What the task asks:
Begin at the line below that has "Rosepark Residency - Ooty - Bedroom" and stop after the line that has "4002ニュアンスカラー艶髪グレーベージュ金髪ボブぱっつん前髪". Please restate only those lines, word for word.

Record extracts:

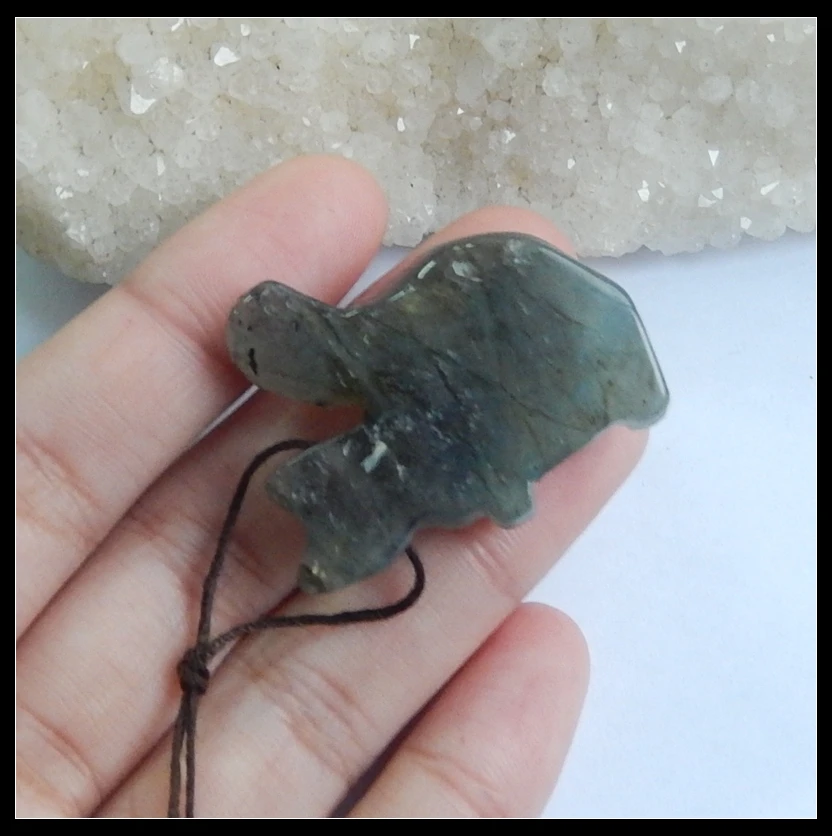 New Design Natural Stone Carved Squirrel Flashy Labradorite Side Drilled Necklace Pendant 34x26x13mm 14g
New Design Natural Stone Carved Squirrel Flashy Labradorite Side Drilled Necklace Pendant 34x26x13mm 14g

* * *

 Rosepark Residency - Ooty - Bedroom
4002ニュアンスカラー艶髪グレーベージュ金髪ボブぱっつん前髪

Task solution:
 Rosepark Residency - Ooty - Bedroom
4002ニュアンスカラー艶髪グレーベージュ金髪ボブぱっつん前髪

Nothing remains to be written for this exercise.